3.4 The POP _ SIZE data sets are arranged in an ascending order or a descending order according to the feature recognition rate and the feature misjudgment rate of the data sets, the corresponding data set contents (sample library data sets and K values) are exchanged, and the current best data set is stored;
3.5 Adopting roulette selection, crossover algorithm and variation algorithm to update the data set to generate a new POP _ SIZE data set;
3.6 Repeating the steps 3.3) to 3.4) to generate the current best data set, and storing a better data set compared with the best data set of the previous generation;
3.7 Repeating the steps 3.5) to 3.6) until the termination condition is met, outputting the current best data set as an optimal solution, and taking a sample database data group in the current best data set as an optimal sample database;
3.8 In the current best data set, calculating a distance set between the waveform characteristics of a test library data set and the waveform characteristics of each sample library data set, performing characteristic classification on one test library data set by adopting a K nearest neighbor algorithm, and so on, performing characteristic classification on each test library data set in the data set, and calculating the characteristic recognition rate and the characteristic misjudgment rate of the test library data sets. If the target is reached, the characteristic recognition rate of the test library data set is more than 85%, the characteristic misjudgment rate is less than 8%, and the optimal sample library data set in the current best data set is feasible. If the target is not achieved, repeating the steps from 3.1) to 3.8), and retraining the sample library data set until the optimal sample library meeting the target is output.

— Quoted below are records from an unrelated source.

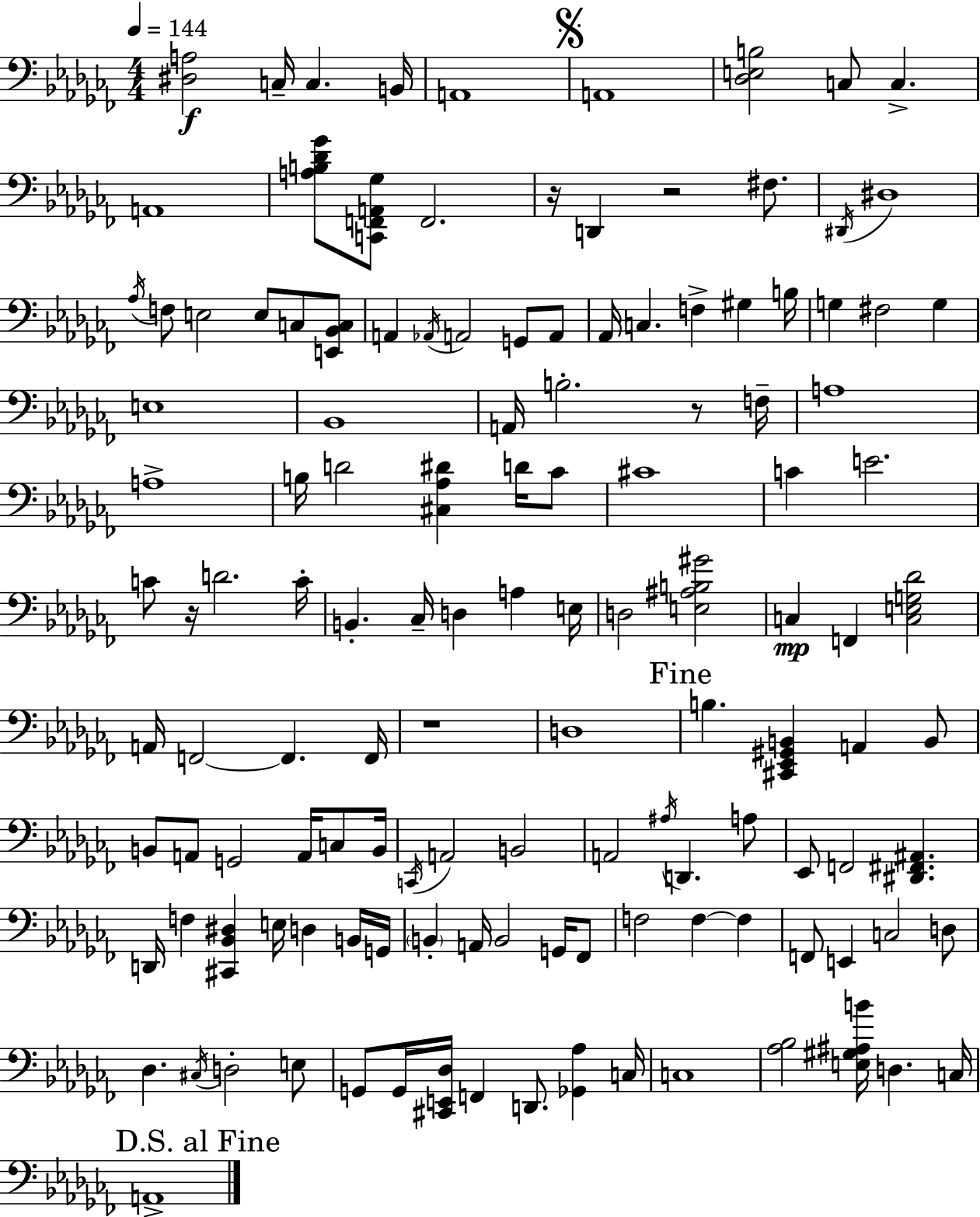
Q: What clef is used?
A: bass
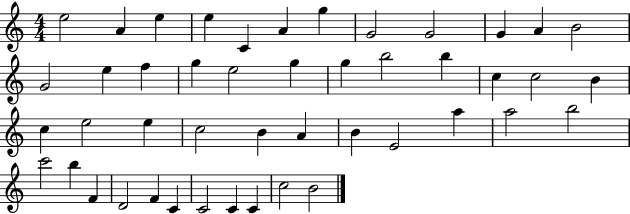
X:1
T:Untitled
M:4/4
L:1/4
K:C
e2 A e e C A g G2 G2 G A B2 G2 e f g e2 g g b2 b c c2 B c e2 e c2 B A B E2 a a2 b2 c'2 b F D2 F C C2 C C c2 B2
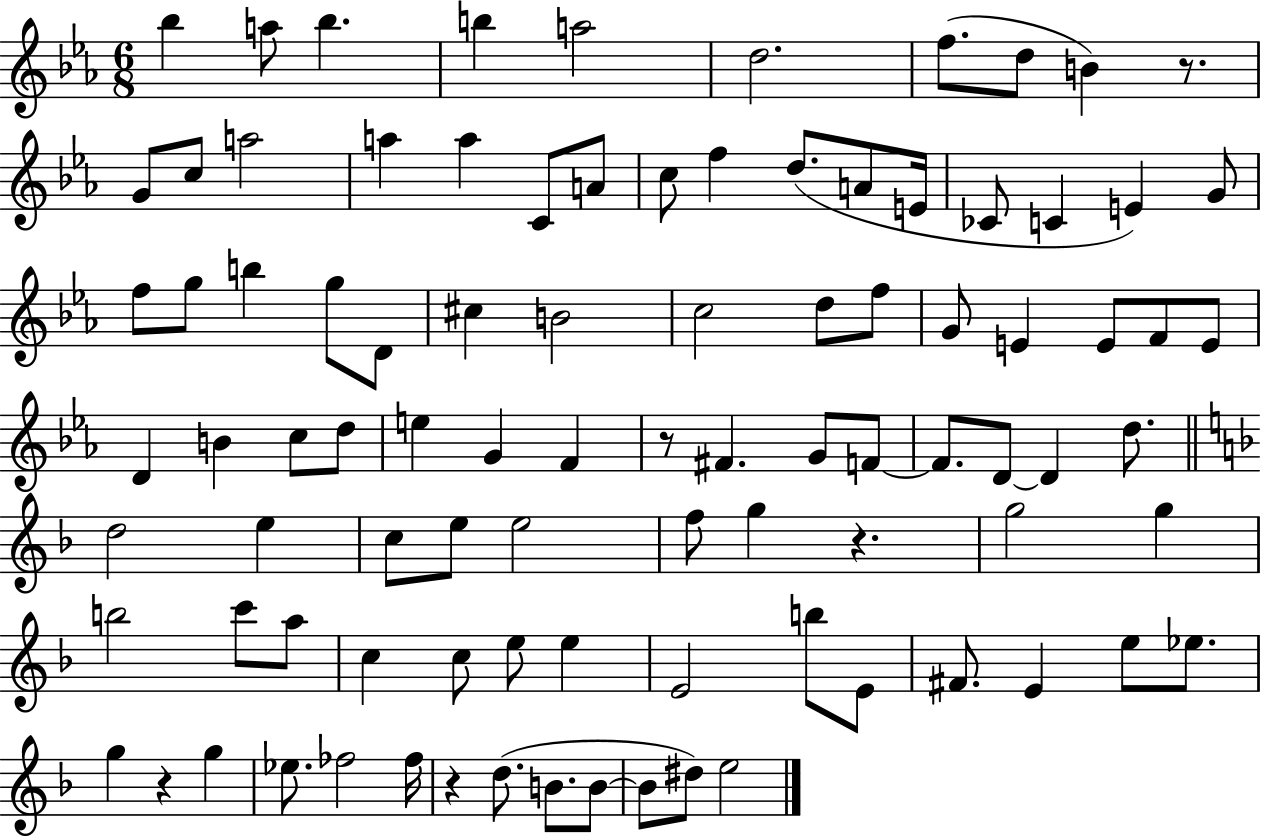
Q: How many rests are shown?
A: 5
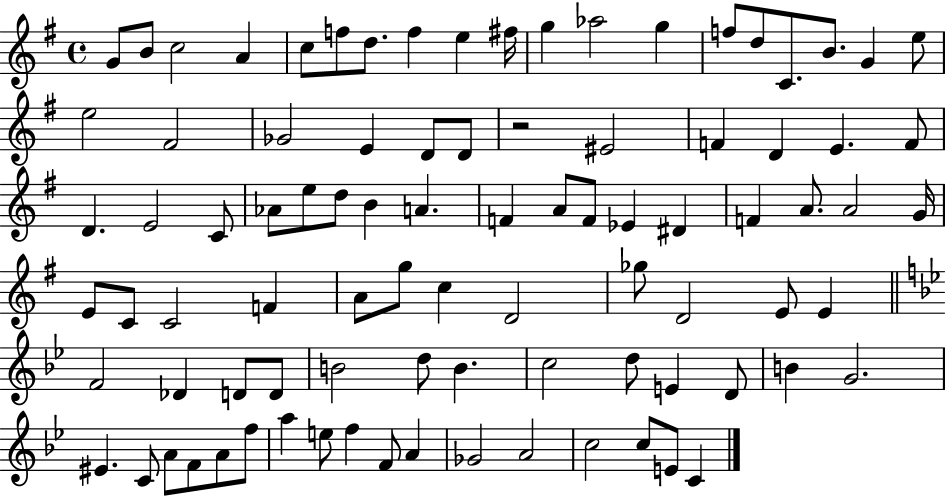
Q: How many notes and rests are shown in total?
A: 90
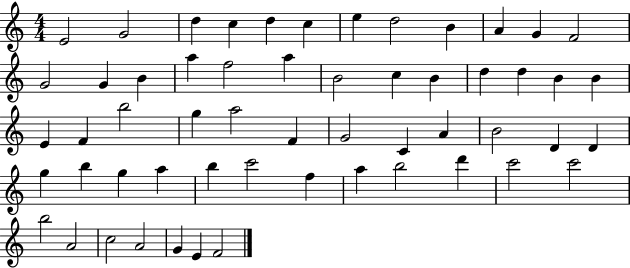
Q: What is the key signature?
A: C major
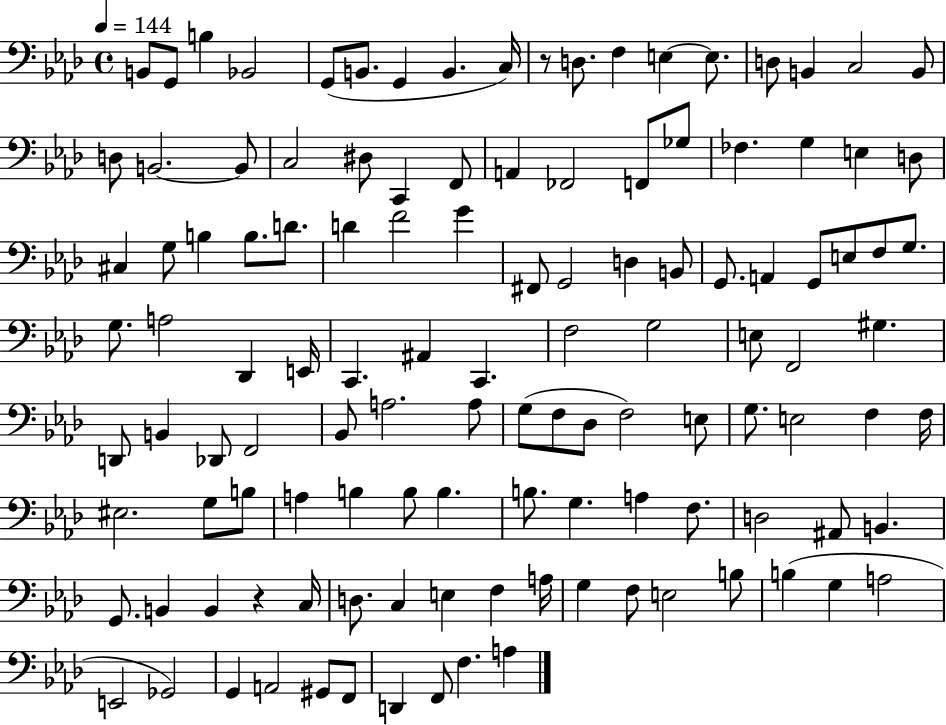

In the embodiment, an optimal sample library data set is obtained, and in the feature classification of the electroencephalogram and electrooculogram data set, the feature recognition rate is further improved to be more than 85%, and the feature misjudgment rate is reduced to be less than 8 per thousand.
When the automatic lifting sickbed system is used, firstly, a patient electroencephalogram electro-oculogram fused signal with a certain length is collected through the electroencephalogram sensor to be subjected to noise filtering processing, waveform characteristics are extracted, the waveform characteristics are compared with an optimized sample library data set, the waveform characteristics to be recognized are classified by adopting a K-nearest neighbor algorithm, a control instruction is sent to a sickbed body according to a classification result, and the sickbed body responds according to the control instruction. The sickbed control scheme is as follows: the sickbed is lifted corresponding to one blink, the sickbed is leveled corresponding to the second blink, the eyeball rotation corresponds to active calling, and the electroencephalogram abnormity corresponds to intelligent alarm.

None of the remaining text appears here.